▶ _Problem requirements_
Produce as output only the lines below starting at the line with "853 W Addison St Map and Location Details" and continuing through the line with "Dos Agentes de", each one exactly as written.

(Scraped caption text data)
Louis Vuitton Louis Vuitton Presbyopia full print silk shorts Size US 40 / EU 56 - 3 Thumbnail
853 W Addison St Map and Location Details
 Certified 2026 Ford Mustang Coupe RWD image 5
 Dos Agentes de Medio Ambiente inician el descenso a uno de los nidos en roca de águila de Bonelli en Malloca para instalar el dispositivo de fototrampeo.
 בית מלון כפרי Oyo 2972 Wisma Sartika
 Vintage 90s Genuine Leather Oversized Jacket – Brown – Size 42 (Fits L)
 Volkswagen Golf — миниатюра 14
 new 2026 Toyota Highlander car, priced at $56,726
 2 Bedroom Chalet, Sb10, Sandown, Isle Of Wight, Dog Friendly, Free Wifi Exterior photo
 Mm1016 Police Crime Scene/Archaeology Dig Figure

▶ _Response_
853 W Addison St Map and Location Details
 Certified 2026 Ford Mustang Coupe RWD image 5
 Dos Agentes de Medio Ambiente inician el descenso a uno de los nidos en roca de águila de Bonelli en Malloca para instalar el dispositivo de fototrampeo.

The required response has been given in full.